* **Stored items from a collection**
______________________________

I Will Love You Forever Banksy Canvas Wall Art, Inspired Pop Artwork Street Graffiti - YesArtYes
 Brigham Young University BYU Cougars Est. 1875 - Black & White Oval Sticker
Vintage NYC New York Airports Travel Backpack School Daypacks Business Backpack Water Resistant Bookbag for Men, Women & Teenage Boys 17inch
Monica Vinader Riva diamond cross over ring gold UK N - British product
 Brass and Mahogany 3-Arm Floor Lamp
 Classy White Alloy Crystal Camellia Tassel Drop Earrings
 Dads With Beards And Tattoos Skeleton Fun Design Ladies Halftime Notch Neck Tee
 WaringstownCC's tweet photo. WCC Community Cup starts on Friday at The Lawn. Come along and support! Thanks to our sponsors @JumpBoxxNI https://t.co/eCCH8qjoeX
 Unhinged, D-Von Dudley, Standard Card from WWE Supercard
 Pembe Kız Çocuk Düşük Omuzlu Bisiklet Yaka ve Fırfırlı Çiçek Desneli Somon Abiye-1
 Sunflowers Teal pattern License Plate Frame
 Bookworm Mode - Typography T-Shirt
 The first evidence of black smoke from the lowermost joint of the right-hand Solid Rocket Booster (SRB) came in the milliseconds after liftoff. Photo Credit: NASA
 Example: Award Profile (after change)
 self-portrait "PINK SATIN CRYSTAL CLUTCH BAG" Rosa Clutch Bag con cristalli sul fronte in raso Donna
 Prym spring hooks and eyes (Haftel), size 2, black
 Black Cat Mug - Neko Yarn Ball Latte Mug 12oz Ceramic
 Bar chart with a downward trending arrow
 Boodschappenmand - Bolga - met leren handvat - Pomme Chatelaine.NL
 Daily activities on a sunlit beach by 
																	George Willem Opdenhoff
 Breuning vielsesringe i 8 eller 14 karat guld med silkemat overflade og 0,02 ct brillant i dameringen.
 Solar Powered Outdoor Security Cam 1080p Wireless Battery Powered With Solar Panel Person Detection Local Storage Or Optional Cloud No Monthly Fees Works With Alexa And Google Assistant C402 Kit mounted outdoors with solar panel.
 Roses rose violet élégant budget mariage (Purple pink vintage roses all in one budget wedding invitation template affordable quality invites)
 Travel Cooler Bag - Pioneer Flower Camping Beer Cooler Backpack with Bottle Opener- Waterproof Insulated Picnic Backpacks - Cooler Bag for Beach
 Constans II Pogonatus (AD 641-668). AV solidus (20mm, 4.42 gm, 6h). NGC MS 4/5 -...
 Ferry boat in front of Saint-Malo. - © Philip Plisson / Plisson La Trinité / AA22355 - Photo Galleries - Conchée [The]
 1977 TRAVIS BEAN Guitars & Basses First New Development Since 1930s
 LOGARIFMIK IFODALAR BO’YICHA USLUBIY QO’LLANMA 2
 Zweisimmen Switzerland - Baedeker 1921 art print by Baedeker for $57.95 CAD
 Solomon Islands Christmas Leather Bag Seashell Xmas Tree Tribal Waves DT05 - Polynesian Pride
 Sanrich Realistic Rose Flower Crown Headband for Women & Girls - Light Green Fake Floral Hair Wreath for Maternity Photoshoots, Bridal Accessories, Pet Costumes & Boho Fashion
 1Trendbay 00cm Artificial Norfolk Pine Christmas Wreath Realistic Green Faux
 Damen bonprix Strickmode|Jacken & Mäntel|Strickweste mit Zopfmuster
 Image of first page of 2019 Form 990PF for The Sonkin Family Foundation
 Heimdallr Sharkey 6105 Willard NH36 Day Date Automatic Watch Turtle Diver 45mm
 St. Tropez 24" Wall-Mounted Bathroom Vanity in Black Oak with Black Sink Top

______________________________

An exact, complete copy of the data is the only acceptable answer.

* **Written answer**
I Will Love You Forever Banksy Canvas Wall Art, Inspired Pop Artwork Street Graffiti - YesArtYes
 Brigham Young University BYU Cougars Est. 1875 - Black & White Oval Sticker
Vintage NYC New York Airports Travel Backpack School Daypacks Business Backpack Water Resistant Bookbag for Men, Women & Teenage Boys 17inch
Monica Vinader Riva diamond cross over ring gold UK N - British product
 Brass and Mahogany 3-Arm Floor Lamp
 Classy White Alloy Crystal Camellia Tassel Drop Earrings
 Dads With Beards And Tattoos Skeleton Fun Design Ladies Halftime Notch Neck Tee
 WaringstownCC's tweet photo. WCC Community Cup starts on Friday at The Lawn. Come along and support! Thanks to our sponsors @JumpBoxxNI https://t.co/eCCH8qjoeX
 Unhinged, D-Von Dudley, Standard Card from WWE Supercard
 Pembe Kız Çocuk Düşük Omuzlu Bisiklet Yaka ve Fırfırlı Çiçek Desneli Somon Abiye-1
 Sunflowers Teal pattern License Plate Frame
 Bookworm Mode - Typography T-Shirt
 The first evidence of black smoke from the lowermost joint of the right-hand Solid Rocket Booster (SRB) came in the milliseconds after liftoff. Photo Credit: NASA
 Example: Award Profile (after change)
 self-portrait "PINK SATIN CRYSTAL CLUTCH BAG" Rosa Clutch Bag con cristalli sul fronte in raso Donna
 Prym spring hooks and eyes (Haftel), size 2, black
 Black Cat Mug - Neko Yarn Ball Latte Mug 12oz Ceramic
 Bar chart with a downward trending arrow
 Boodschappenmand - Bolga - met leren handvat - Pomme Chatelaine.NL
 Daily activities on a sunlit beach by 
																	George Willem Opdenhoff
 Breuning vielsesringe i 8 eller 14 karat guld med silkemat overflade og 0,02 ct brillant i dameringen.
 Solar Powered Outdoor Security Cam 1080p Wireless Battery Powered With Solar Panel Person Detection Local Storage Or Optional Cloud No Monthly Fees Works With Alexa And Google Assistant C402 Kit mounted outdoors with solar panel.
 Roses rose violet élégant budget mariage (Purple pink vintage roses all in one budget wedding invitation template affordable quality invites)
 Travel Cooler Bag - Pioneer Flower Camping Beer Cooler Backpack with Bottle Opener- Waterproof Insulated Picnic Backpacks - Cooler Bag for Beach
 Constans II Pogonatus (AD 641-668). AV solidus (20mm, 4.42 gm, 6h). NGC MS 4/5 -...
 Ferry boat in front of Saint-Malo. - © Philip Plisson / Plisson La Trinité / AA22355 - Photo Galleries - Conchée [The]
 1977 TRAVIS BEAN Guitars & Basses First New Development Since 1930s
 LOGARIFMIK IFODALAR BO’YICHA USLUBIY QO’LLANMA 2
 Zweisimmen Switzerland - Baedeker 1921 art print by Baedeker for $57.95 CAD
 Solomon Islands Christmas Leather Bag Seashell Xmas Tree Tribal Waves DT05 - Polynesian Pride
 Sanrich Realistic Rose Flower Crown Headband for Women & Girls - Light Green Fake Floral Hair Wreath for Maternity Photoshoots, Bridal Accessories, Pet Costumes & Boho Fashion
 1Trendbay 00cm Artificial Norfolk Pine Christmas Wreath Realistic Green Faux
 Damen bonprix Strickmode|Jacken & Mäntel|Strickweste mit Zopfmuster
 Image of first page of 2019 Form 990PF for The Sonkin Family Foundation
 Heimdallr Sharkey 6105 Willard NH36 Day Date Automatic Watch Turtle Diver 45mm
 St. Tropez 24" Wall-Mounted Bathroom Vanity in Black Oak with Black Sink Top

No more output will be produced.